Which DME patients are likely to achieve extended Tx intervals with faricimab?

Treatment naivety, lower baseline intraretinal fluid (IRF) and subretinal fluid (SRF) volume, lower baseline central subfield thickness (CST), greater IRF and SRF volume reduction, and greater CST reduction at week 16 in patients with diabetic macular oedema (DME) are predictive of longer treatment intervals with faricimab 6.0 mg at years 1 and 2, according to the results of the phase III YOSEMITE/RHINE trials.

YOSEMITE and RHINE were two identically designed, global, double-masked, randomized, controlled phase III trials, which evaluated faricimab 6.0 mg across three treatment groups. A total of 1,891 adults with centre-involving DME secondary to type 1 or 2 diabetes mellitus were randomized 1:1:1 to receive faricimab 6.0 mg per a personalized treat-and-extend (T&E) interval after four initial loading doses, faricimab 6.0 mg Q8W after six initial Q4W doses, or aflibercept 2.0 mg Q8W after five initial Q4W doses through week 100. In the faricimab T&E arm, treatment intervals were adjusted (Q4W–Q16W) based on prespecified CST and best corrected visual acuity (BCVA) criteria. [A Tan, Session 0392, APAO 2026]

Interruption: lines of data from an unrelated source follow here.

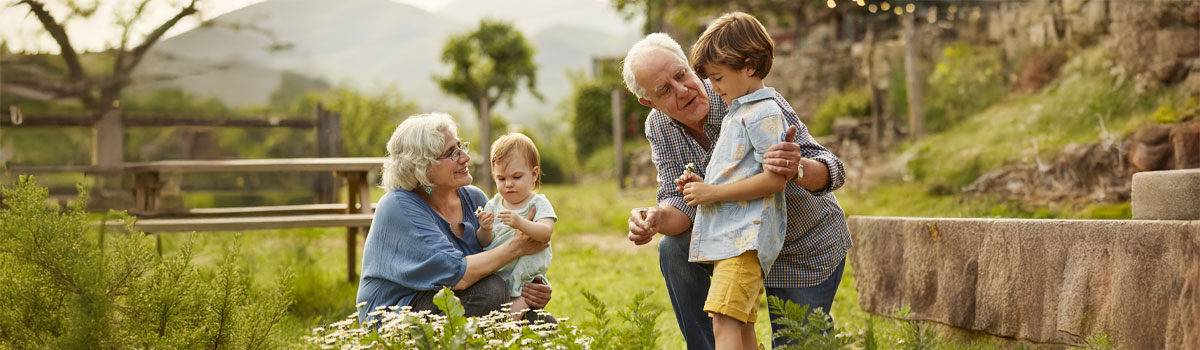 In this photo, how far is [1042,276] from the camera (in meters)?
3.44

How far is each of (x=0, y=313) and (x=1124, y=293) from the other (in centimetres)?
333

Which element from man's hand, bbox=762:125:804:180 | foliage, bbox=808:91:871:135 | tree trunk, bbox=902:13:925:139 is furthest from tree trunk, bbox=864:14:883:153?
man's hand, bbox=762:125:804:180

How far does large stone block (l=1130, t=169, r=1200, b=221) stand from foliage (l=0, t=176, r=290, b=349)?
117 inches

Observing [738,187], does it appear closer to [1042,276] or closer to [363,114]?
[1042,276]

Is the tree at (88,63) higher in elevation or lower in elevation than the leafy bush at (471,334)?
higher

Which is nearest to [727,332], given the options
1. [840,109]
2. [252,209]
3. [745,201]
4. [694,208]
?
[745,201]

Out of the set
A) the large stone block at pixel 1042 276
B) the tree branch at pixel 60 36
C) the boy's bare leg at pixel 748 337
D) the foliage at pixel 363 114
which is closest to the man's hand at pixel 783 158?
the boy's bare leg at pixel 748 337

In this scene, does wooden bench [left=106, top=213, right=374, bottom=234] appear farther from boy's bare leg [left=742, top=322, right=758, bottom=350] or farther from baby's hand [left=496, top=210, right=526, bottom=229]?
boy's bare leg [left=742, top=322, right=758, bottom=350]

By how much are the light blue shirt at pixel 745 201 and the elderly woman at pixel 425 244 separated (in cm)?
72

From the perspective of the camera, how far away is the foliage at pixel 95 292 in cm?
231

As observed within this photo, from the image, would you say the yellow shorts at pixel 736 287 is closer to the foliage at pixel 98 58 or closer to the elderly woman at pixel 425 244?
the elderly woman at pixel 425 244

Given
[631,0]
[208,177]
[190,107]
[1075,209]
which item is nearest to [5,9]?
[208,177]

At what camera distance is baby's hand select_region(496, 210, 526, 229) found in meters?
3.01

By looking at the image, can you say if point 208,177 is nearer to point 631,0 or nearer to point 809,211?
point 631,0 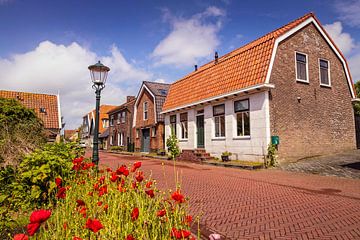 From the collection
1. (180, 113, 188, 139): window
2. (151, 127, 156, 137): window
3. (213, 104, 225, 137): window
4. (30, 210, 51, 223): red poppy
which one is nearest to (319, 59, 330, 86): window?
(213, 104, 225, 137): window

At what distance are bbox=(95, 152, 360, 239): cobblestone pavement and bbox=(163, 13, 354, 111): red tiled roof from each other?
22.0ft

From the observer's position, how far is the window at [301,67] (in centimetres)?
1570

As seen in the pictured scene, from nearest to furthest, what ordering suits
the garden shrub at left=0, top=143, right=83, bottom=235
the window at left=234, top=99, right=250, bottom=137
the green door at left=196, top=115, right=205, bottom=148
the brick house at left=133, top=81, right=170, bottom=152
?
the garden shrub at left=0, top=143, right=83, bottom=235 → the window at left=234, top=99, right=250, bottom=137 → the green door at left=196, top=115, right=205, bottom=148 → the brick house at left=133, top=81, right=170, bottom=152

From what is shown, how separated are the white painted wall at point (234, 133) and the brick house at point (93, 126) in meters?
28.3

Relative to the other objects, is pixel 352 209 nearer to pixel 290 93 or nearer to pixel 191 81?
pixel 290 93

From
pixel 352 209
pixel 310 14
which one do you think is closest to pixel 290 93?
pixel 310 14

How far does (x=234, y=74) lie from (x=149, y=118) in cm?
1338

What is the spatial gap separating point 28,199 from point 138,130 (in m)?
25.0

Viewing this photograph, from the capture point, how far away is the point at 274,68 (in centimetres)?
1445

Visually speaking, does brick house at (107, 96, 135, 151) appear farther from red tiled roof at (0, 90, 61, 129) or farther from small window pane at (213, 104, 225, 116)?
small window pane at (213, 104, 225, 116)

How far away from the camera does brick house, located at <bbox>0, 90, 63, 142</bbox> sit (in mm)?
28141

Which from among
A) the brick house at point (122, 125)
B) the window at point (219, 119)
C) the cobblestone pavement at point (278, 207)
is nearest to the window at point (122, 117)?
the brick house at point (122, 125)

“Faricimab demonstrated comparable BCVA gain and greater anatomical outcomes vs aflibercept [2.0 mg], with some patients achieving Q16W dosing interval,” reported Dr Anna Tan of Singapore National Eye Center, Singapore, at the 41^st Asia-Pacific Academy of Ophthalmology Congress held in Hong Kong. “In the T&E group, 78.1 percent of patients achieved a ≥Q12W dosing interval. This is an important point, as YOSEMITE/RHINE represents the first large study with T&E data in DME.”

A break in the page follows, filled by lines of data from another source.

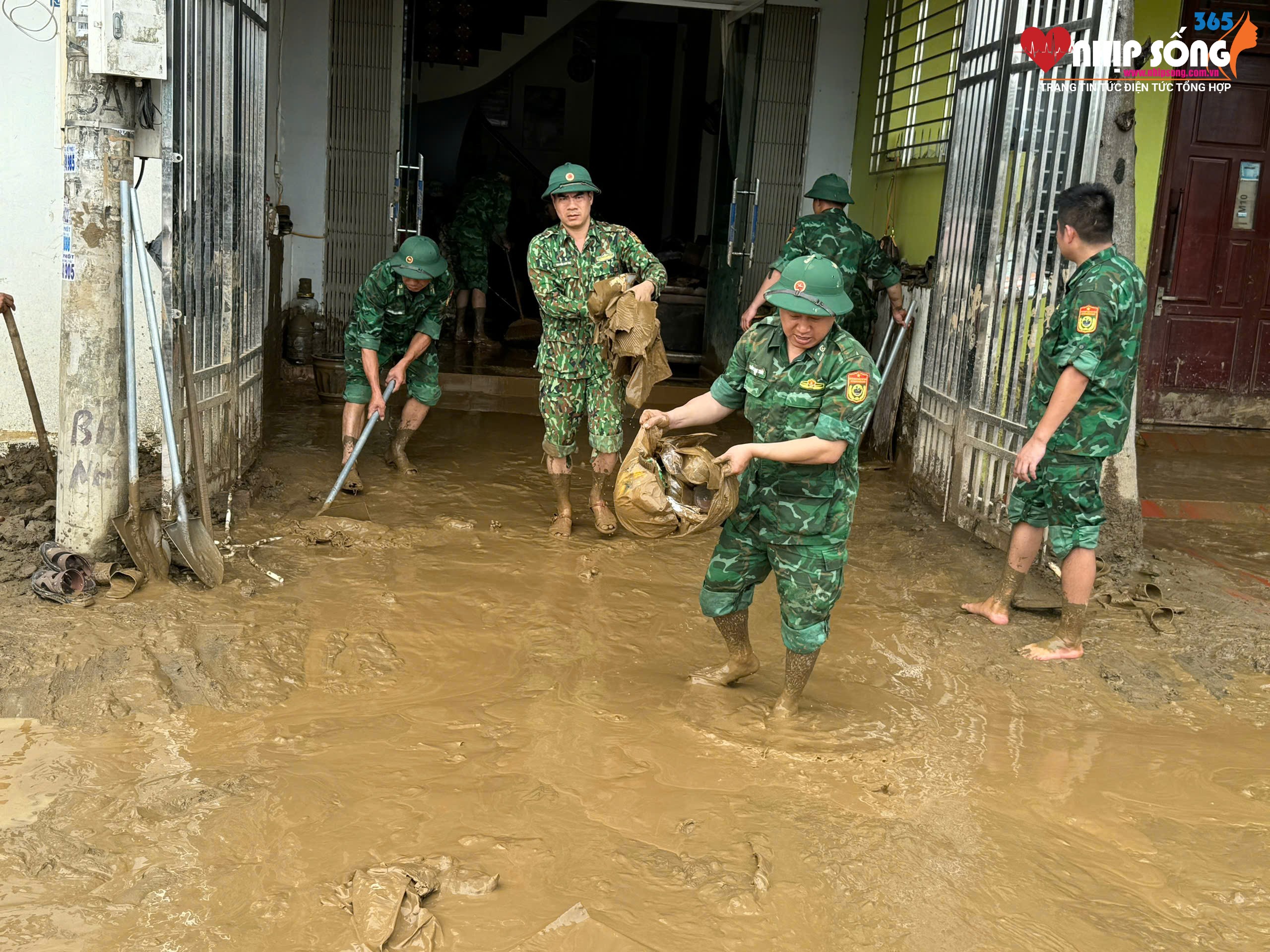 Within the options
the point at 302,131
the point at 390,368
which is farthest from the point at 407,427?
the point at 302,131

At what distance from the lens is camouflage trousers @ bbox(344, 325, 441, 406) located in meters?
6.70

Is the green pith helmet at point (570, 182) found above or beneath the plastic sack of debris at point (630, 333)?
above

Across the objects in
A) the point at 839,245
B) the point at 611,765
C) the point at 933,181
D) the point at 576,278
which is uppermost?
the point at 933,181

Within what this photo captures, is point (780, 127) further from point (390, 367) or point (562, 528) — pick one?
point (562, 528)

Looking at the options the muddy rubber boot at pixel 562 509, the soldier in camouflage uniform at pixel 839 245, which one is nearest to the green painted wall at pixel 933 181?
the soldier in camouflage uniform at pixel 839 245

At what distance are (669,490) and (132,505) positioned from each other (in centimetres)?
234

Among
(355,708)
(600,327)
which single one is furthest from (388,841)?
(600,327)

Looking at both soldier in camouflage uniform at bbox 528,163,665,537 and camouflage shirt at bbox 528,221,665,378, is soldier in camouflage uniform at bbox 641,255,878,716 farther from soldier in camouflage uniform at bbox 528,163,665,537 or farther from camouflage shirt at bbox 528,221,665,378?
camouflage shirt at bbox 528,221,665,378

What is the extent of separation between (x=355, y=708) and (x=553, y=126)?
45.1 ft

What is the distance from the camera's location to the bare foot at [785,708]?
397 cm

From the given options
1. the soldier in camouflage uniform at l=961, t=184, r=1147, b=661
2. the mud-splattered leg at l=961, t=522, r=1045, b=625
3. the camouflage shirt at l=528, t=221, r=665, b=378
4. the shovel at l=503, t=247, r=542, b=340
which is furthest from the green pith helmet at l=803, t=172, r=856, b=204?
the shovel at l=503, t=247, r=542, b=340

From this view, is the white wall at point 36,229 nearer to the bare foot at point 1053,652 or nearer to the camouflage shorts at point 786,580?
the camouflage shorts at point 786,580

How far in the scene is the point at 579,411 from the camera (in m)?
6.09

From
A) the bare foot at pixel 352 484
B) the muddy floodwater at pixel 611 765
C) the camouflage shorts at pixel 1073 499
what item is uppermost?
the camouflage shorts at pixel 1073 499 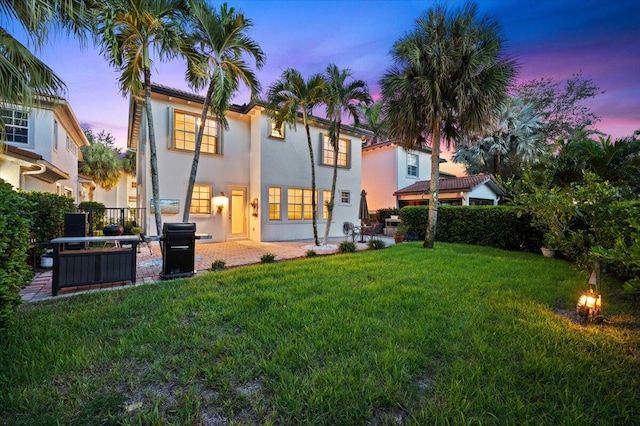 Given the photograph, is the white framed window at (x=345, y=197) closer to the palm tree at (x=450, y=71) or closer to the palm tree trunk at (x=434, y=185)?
the palm tree trunk at (x=434, y=185)

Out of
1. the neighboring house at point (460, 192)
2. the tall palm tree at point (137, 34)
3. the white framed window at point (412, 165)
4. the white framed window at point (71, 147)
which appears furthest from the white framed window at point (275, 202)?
the white framed window at point (71, 147)

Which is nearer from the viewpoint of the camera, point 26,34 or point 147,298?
point 147,298

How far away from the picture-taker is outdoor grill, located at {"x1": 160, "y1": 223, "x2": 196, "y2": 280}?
573cm

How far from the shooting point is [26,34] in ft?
15.9

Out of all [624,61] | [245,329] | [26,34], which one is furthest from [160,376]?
[624,61]

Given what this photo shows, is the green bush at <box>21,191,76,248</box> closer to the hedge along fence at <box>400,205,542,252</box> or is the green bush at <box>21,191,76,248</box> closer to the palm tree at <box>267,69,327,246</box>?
the palm tree at <box>267,69,327,246</box>

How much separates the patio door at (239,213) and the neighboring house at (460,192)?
11.2 m

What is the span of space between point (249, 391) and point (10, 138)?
15.1m

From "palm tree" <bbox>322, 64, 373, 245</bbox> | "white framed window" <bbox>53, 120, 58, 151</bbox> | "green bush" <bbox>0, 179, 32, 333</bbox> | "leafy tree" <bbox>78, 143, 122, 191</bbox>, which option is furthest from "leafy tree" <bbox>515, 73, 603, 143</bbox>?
Result: "leafy tree" <bbox>78, 143, 122, 191</bbox>

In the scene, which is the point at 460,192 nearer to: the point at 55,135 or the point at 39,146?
the point at 39,146

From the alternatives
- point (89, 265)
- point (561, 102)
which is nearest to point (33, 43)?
point (89, 265)

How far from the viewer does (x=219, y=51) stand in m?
7.45

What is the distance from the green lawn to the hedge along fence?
18.9 ft

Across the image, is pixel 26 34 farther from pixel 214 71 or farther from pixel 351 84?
pixel 351 84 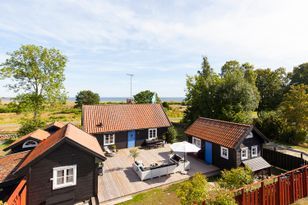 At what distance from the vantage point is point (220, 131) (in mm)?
15883

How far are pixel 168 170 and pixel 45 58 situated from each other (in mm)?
28002

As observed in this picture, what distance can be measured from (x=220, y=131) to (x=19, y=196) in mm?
15228

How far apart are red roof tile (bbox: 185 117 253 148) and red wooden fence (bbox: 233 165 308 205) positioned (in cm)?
446

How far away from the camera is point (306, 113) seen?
19.8 m

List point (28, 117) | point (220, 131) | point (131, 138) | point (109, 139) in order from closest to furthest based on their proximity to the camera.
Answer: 1. point (220, 131)
2. point (109, 139)
3. point (131, 138)
4. point (28, 117)

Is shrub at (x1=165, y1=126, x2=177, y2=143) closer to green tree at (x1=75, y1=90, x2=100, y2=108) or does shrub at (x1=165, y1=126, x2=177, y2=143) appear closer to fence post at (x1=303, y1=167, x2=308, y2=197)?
fence post at (x1=303, y1=167, x2=308, y2=197)

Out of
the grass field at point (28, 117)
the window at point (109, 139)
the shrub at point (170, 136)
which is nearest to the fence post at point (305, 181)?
the shrub at point (170, 136)

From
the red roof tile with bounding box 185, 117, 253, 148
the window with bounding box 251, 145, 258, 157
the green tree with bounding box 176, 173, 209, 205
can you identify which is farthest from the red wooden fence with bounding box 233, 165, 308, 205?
the window with bounding box 251, 145, 258, 157

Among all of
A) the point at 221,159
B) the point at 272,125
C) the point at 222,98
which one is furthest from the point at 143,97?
the point at 221,159

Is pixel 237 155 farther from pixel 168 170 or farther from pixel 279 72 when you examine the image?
pixel 279 72

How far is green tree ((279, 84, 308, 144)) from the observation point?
65.9 feet

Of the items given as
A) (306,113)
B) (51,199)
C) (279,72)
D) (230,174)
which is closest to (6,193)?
(51,199)

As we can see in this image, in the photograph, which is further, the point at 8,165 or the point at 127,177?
the point at 127,177

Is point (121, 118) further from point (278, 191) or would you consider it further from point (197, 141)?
point (278, 191)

YOSEMITE/RHINE also evaluated 21 baseline characteristics and nine treatment responses (at week 16 and year 1) as predictors of treatment interval at year 1 and year 2, by post hoc univariate and multivariable analyses. “As CST and the volume of SRF and IRF are highly correlated, these variables were analyzed separately as predictors of treatment interval to avoid multicollinearity in the model,” explained Tan.

Univariate analysis was used to shortlist variables for subsequent multivariable analysis. The variables that could predict treatment interval at year 1, which remained after stepwise backward selection, were treatment naivety, BCVA, CST or IRF + SRF, macular leakage area, and hyperreflective foci (HRF) volume. Macular leakage was the only week 16 variable, while CST or IRF + SRF, hard exudates volume, and HRF volume were the remaining change from baseline at week 16 variables. The baseline variables were the same for year 2 predictions of treatment interval following univariate analysis, but macular leakage, hard exudates volume, and HRF volume were no longer predictive.

Following the multivariable analysis, treatment naivety, lower baseline IRF and SRF volume, and greater IRF and SRF volume reduction at week 16 were found to statistically significantly (p<0.05) increase the odds of achieving a Q16W interval at years 1 and 2 in the IRF + SRF model. Similarly, treatment naivety, lower baseline CST, and greater CST reduction at week 16 significantly (p<0.05) increased the odds of achieving a Q16W interval at years 1 and 2 in the CST model.

“These findings suggest that earlier disease control with faricimab may provide long-term extended durability for patients with DME,” concluded Tan.